How to Get an A with Professor Lin Chen

Lin Chen is a Senior Lecturer in the Writing Program at NYU Shanghai. His courses at NYU Shanghai include Writing as Inquiry and Perspective on the Humanities.

Professor Chen has taught and assisted in teaching a wide variety of composition and writing-intensive literature courses at the University of Washington and the University of California, Riverside. He holds a PhD from the University of Washington, a master’s from the University of California, Riverside, and a bachelor’s from Fudan University in Shanghai, China.

Chen’s research interests include British Romanticism, post-Enlightenment western literature, traditional Chinese poetry and poetics, literary theory and rhetoric and composition. His dissertation, “Tao Yuanming and William Wordsworth: A Parallel Study”demonstrates his ability to straddle the divide between the literary traditions of China and the West. His Writing as Inquiry class illustrates rhetorical writing, and his Perspectives on Humanities class focuses on the comparative study of Eastern and Western poetry as well as literature.

What do you think this course can give students?
Lin Chen: Writing is a necessary skill for almost all subjects. So, in this course, the students will practice their writing skills, while the exact topic is less important for this course.

What is the theme of your course?
Lin Chen: Basically, WAI is divided into several parts with a subtopic; there is no general topic for this course because the topic is not so important and the purpose of it is just to provide an opportunity for writing. As for me, I will first teach “What is writing” or “What is good writing”, in this way, the students can have a general idea about this writing course and also reflect on themselves. And then I will talk about Education, encouraging the students to think about what college is and what is the purpose of a college education. As for the third part, the topic varies, and sometimes I will even let the students choose topics that they are interested in.
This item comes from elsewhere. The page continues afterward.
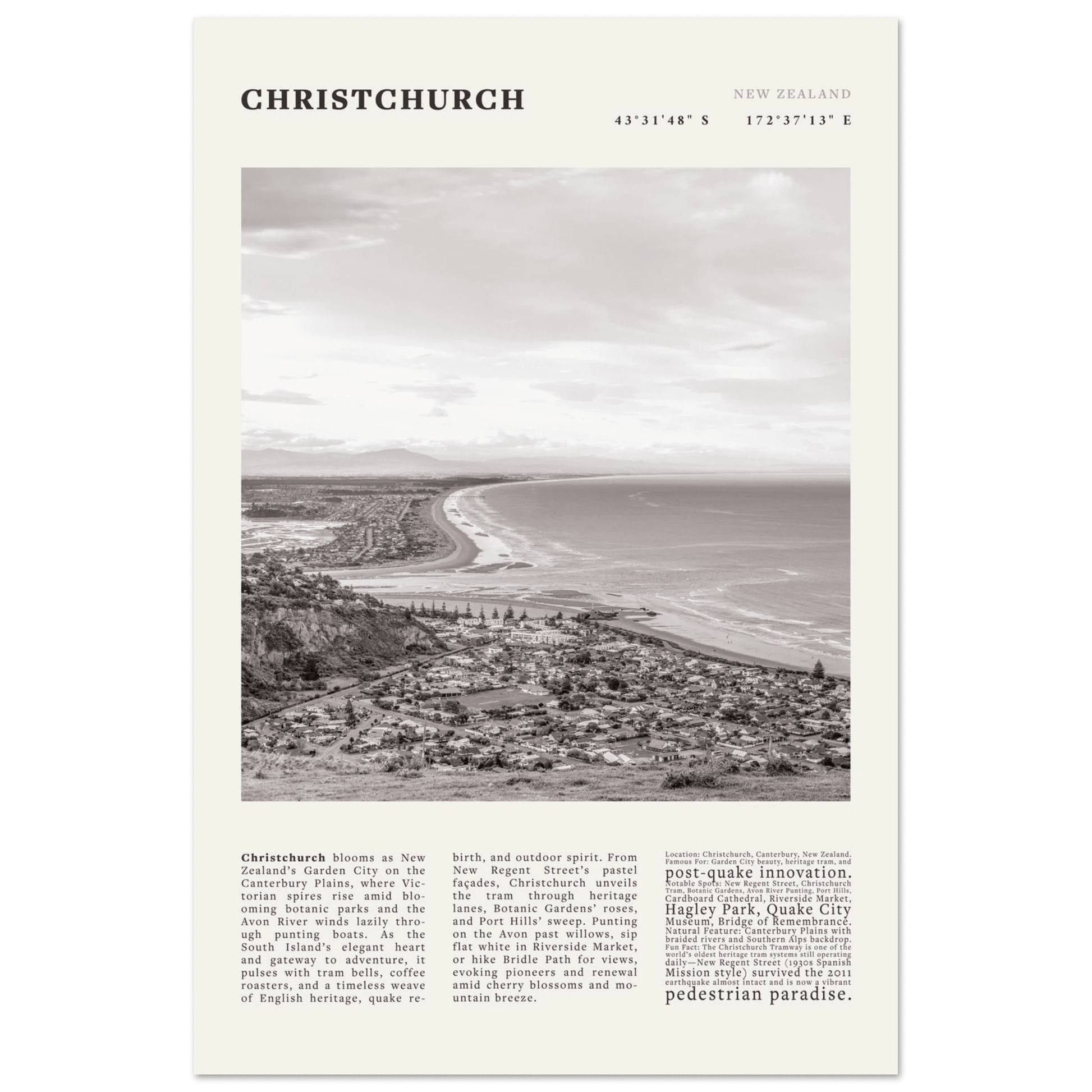 Christchurch New Zealand Poster Black and White – Vintage Garden City Panorama Print - Evergreen Posters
What do you think is good writing?
Lin Chen: The requirement for the course is quite basic. What you are training for is to write argument essays, so what you need is to argue for your essay with rational and logical demonstration, and also you need to base your argument on certain materials instead of imagination. To sum up, what you should do is to practice these writing habits. (Actually, there are some higher standards for a valuable article, but this would exceed the requirement of this course.)

How to evaluate the writing of your students?
Lin Chen: I would be very cautious about giving extremely low grades.

How much time do you think your students should spend per week?
Lin Chen: Most of the students think that they should spend a lot of time on the course, and you know, the students are becoming increasingly busy these days and they hope to spend less time on this course. So, anyway, I would say about 5-6 hours per week.

What kind of advice do you want to tell the students?
Lin Chen: What I want to say is that I want the students to see the meaning of this course, because writing is a necessary skill for whatever you want to be in the future, so I hope the students can have enthusiasm in this course instead of feeling forced because it is a core curriculum. I believe this course is great for students if they are willing to engage. And also, I hope that the students can participate in the classes with everyone thinking actively, especially in this epidemic era so that I can receive more feedback and make the course as effective as possible.

(The interview with Professor Lin Chen was in Chinese and this is only a partial transcription.)